• [Work item] Here the job is to transcribe only the lines from the one containing "Geberit iCon - Armoire" through the last line below, exactly as written; please leave out pictures.
#### Listed records ####
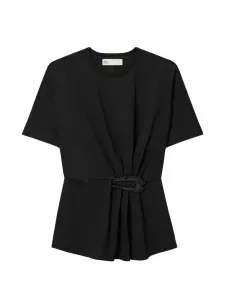 Хлопковая футболка Tory Burch, черный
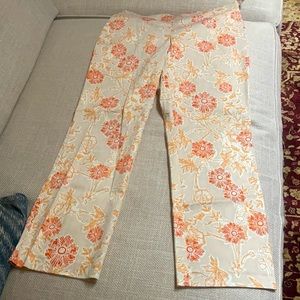 Sigrid Olsen pants 6 regular length, tan/orange/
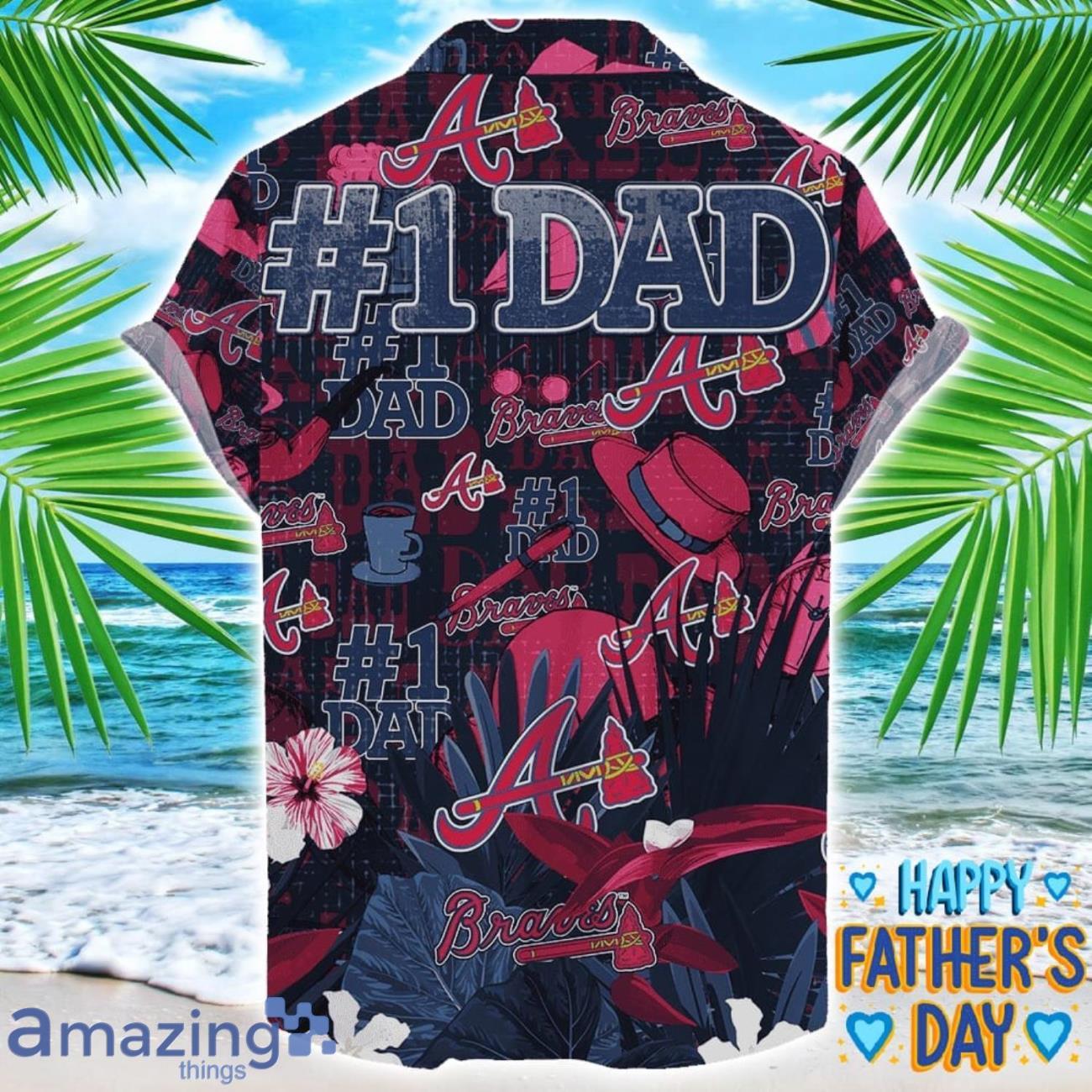 Atlanta Braves Coffee Hat and Logo Pattern Hawaiian Shirt Father’s Day Gift MLB Team image Atlanta Braves Coffee Hat and Logo Pattern Hawaiian Shirt Father’s Day Gift MLB Team Product Photo 2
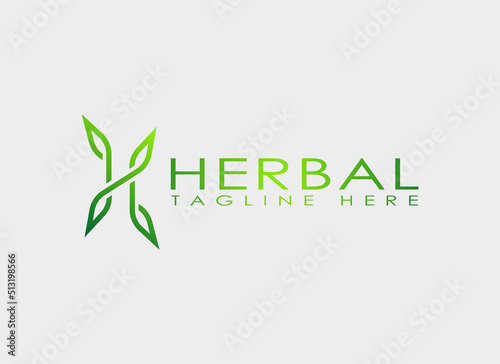 Initial Letter H Logo. Gradient Geometric Leaf Shapes Letter H isolated on Grey Background. Usable for Herbal, Pharmacy, Business Logo and Branding. Flat Vector Logo Design Template Elements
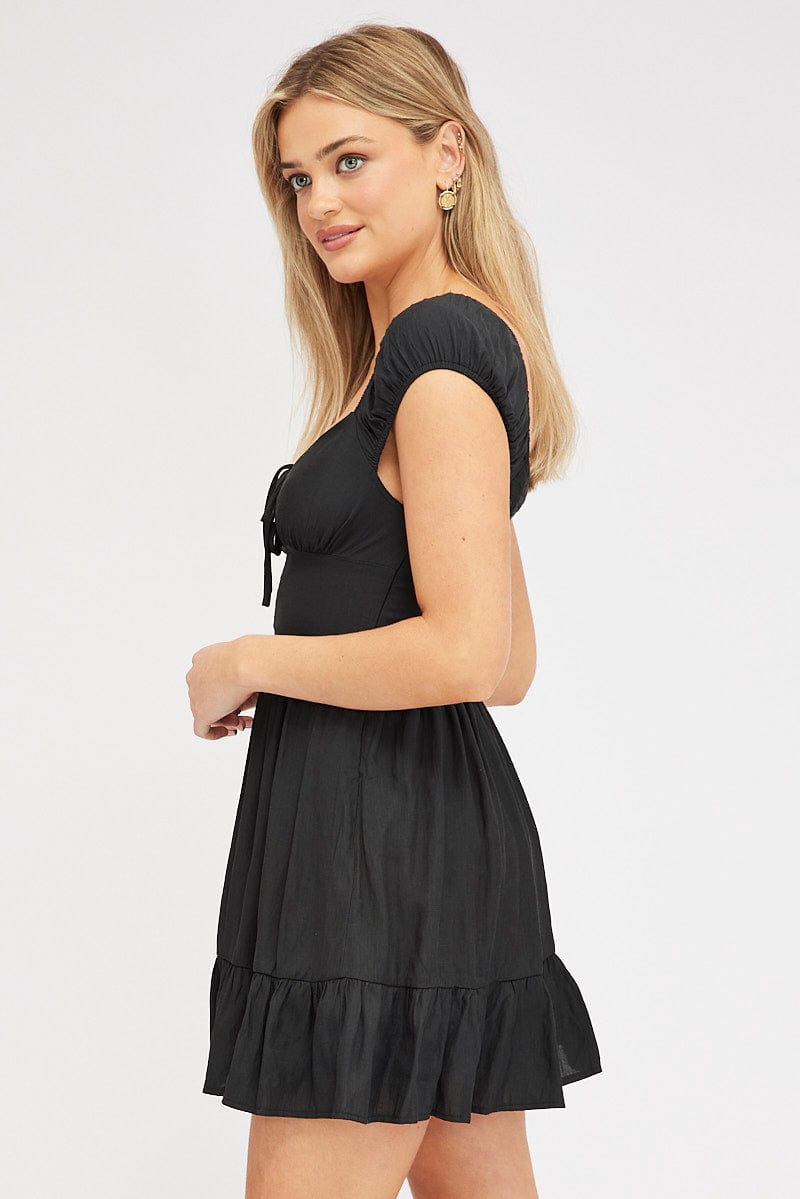 Black Fit And Flare Dress Mini for Ally Fashion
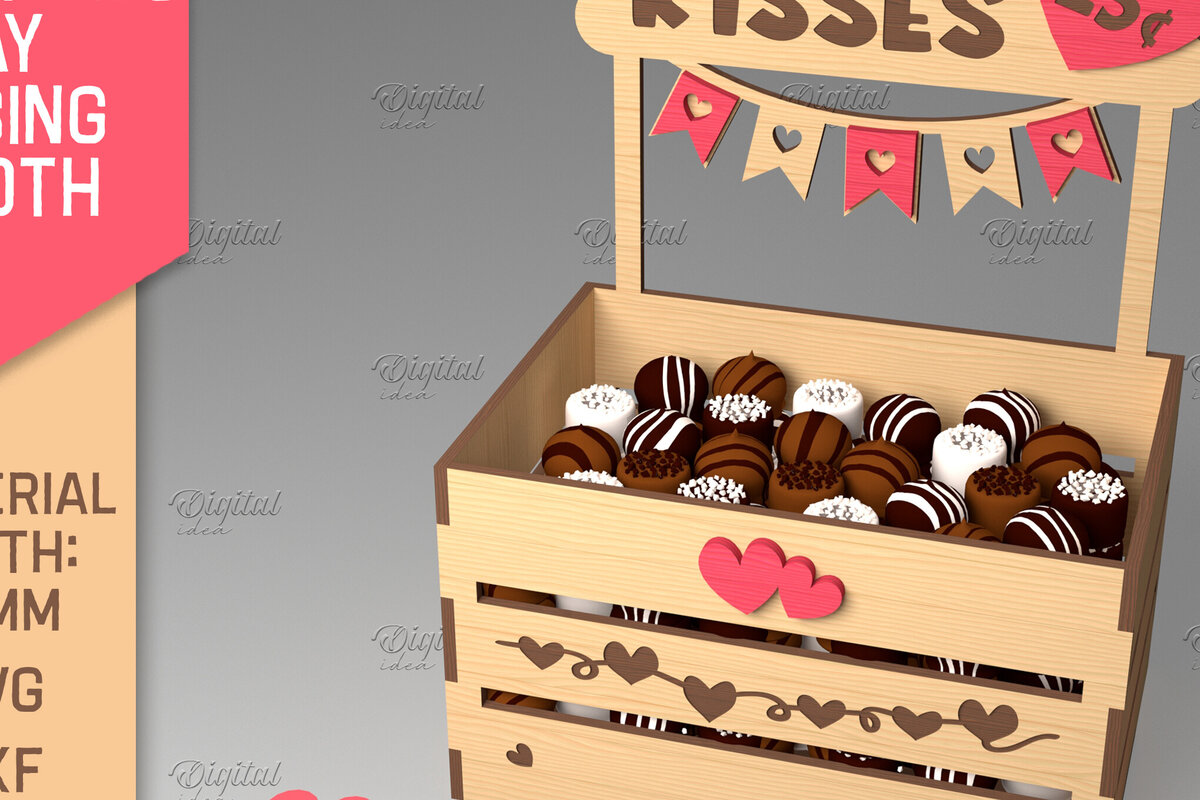 Intra απο ξύλο plywood 3mm-4mm πάχος τρισδιάστατη ημέρα του Αγίου Βαλεντίνου. Kissing Booth  Δίασταση 15x15 cm INTRAFABR-84069244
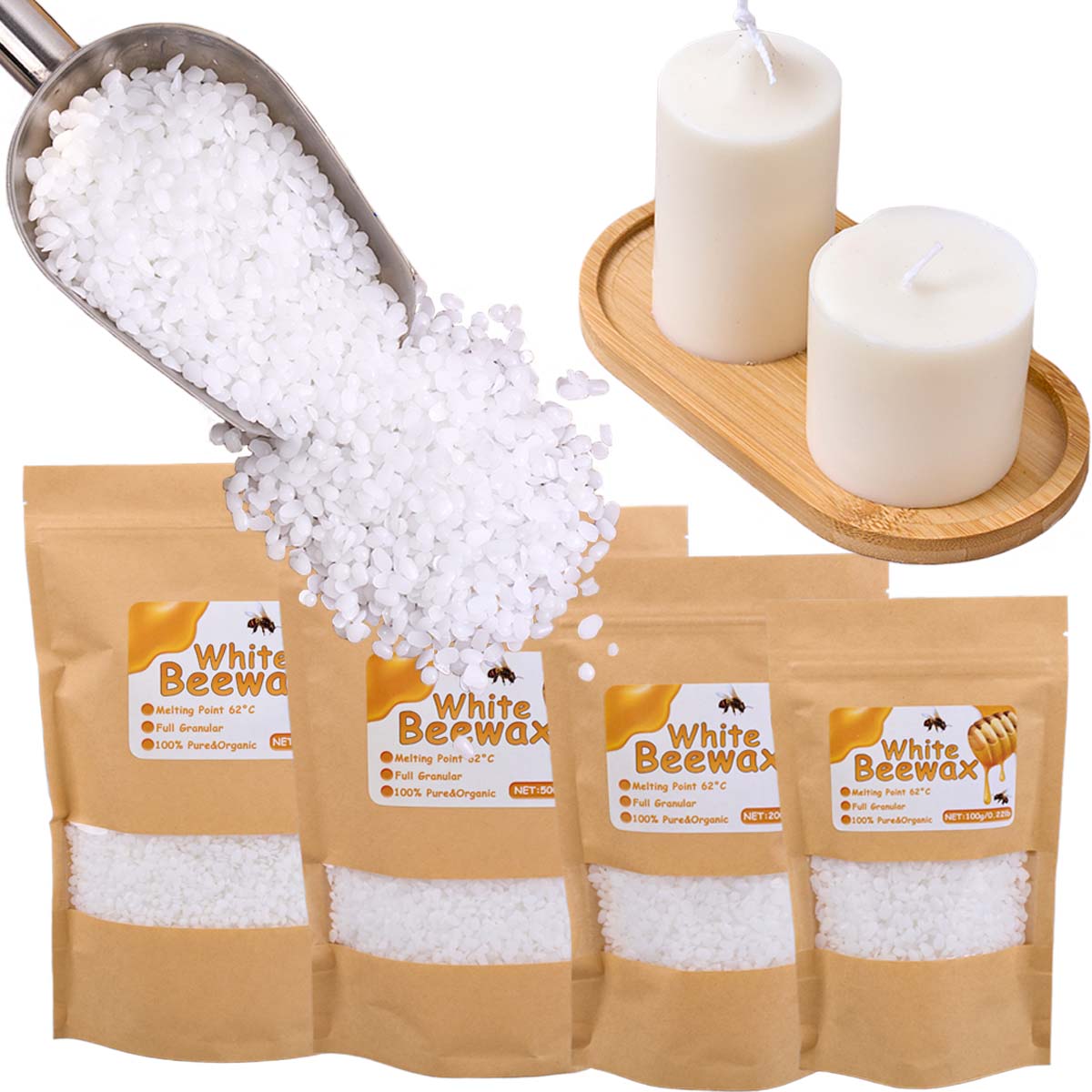 White Beeswax Pure Natural Gra - Candle Making Material review and price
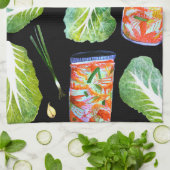 Kimchi Ingredients Waterverf Fun Fermentation Theedoek (Gevouwen)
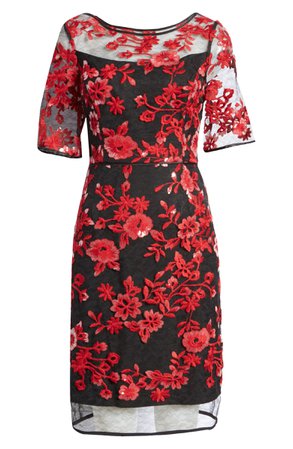 Shani Sequin Floral Embroidered Sheath Dress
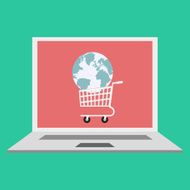 Global online shopping concept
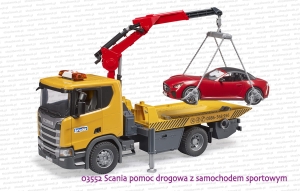 03552 BRUDER Scania Super 560R pomoc drogowa z samochodem sportowym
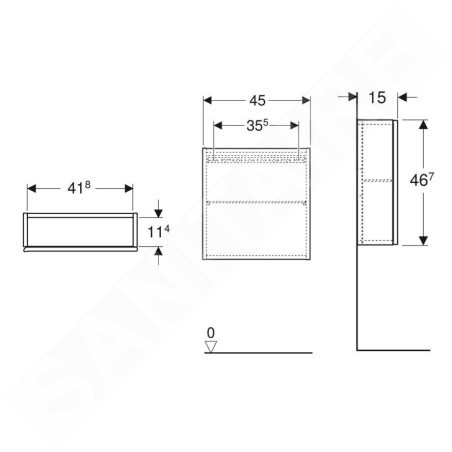 Geberit iCon - Armoire 45x47x15 cm, 1 porte, charnières G/D, chêne 502.319.JH.1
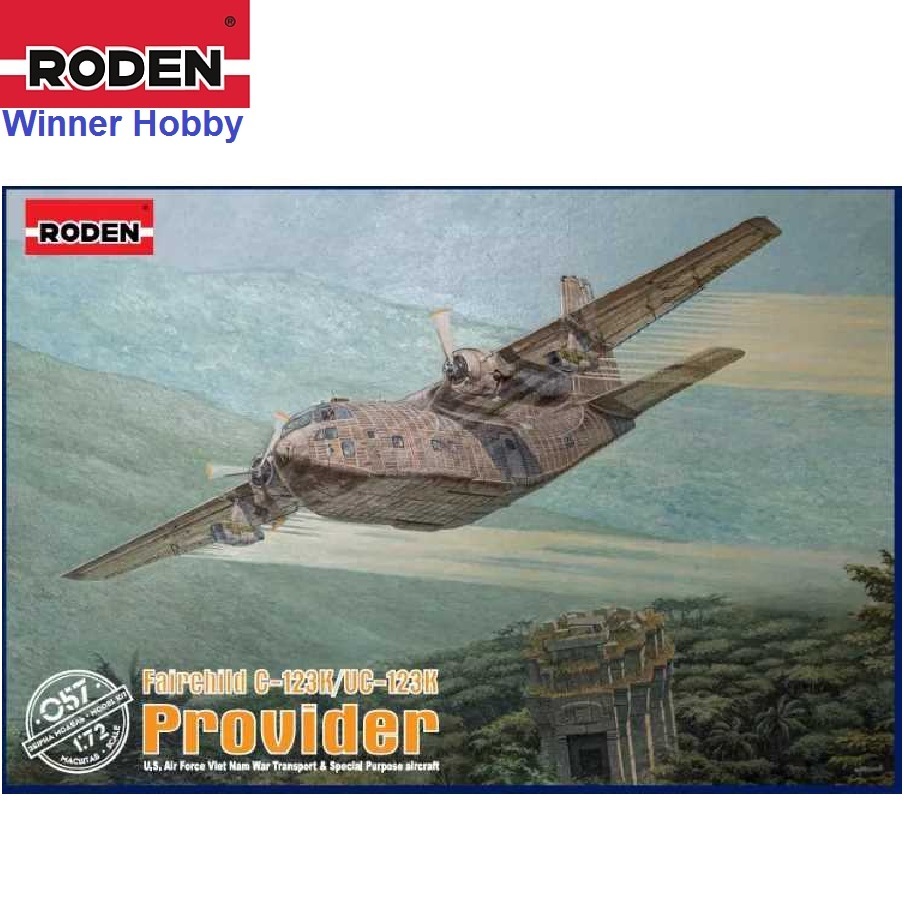 โมเดลเครื่องบิน Roden 057 Fairchild C-123K / UC-123K scale 1/72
####
• [Answer to the problem]
 Geberit iCon - Armoire 45x47x15 cm, 1 porte, charnières G/D, chêne 502.319.JH.1
 โมเดลเครื่องบิน Roden 057 Fairchild C-123K / UC-123K scale 1/72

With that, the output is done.